◆ **What you will do**
Print the lines from the one containing "Приятного аппетита Самый" through the end of the material below, both included, exactly as they appear and without pictures.

◆ **Provided data**
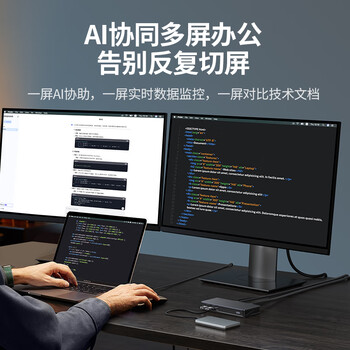 绿联Type-C3.2三屏异显扩展坞Mac雷电5双HDMI/DP拓展坞DisplayLink适用M1234 Macmini多屏扩展10G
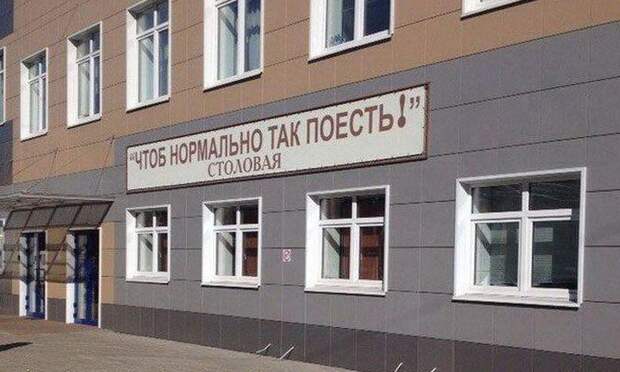 Самый высокий сервис в отечественных столовых! Приятного аппетита Самый высокий сервис в отечественных столовых! Приятного аппетита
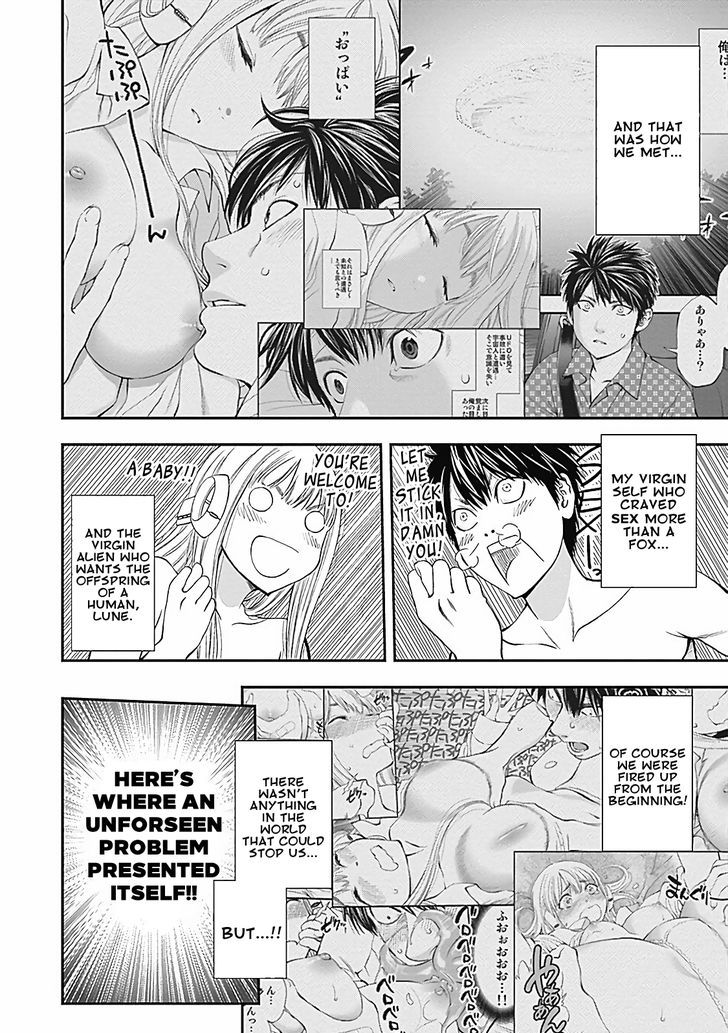 Sundome Milky way Chapter 2 page 7 - Chapter 2 : The Magic Medicine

◆ **Task response**
 Самый высокий сервис в отечественных столовых! Приятного аппетита Самый высокий сервис в отечественных столовых! Приятного аппетита
 Sundome Milky way Chapter 2 page 7 - Chapter 2 : The Magic Medicine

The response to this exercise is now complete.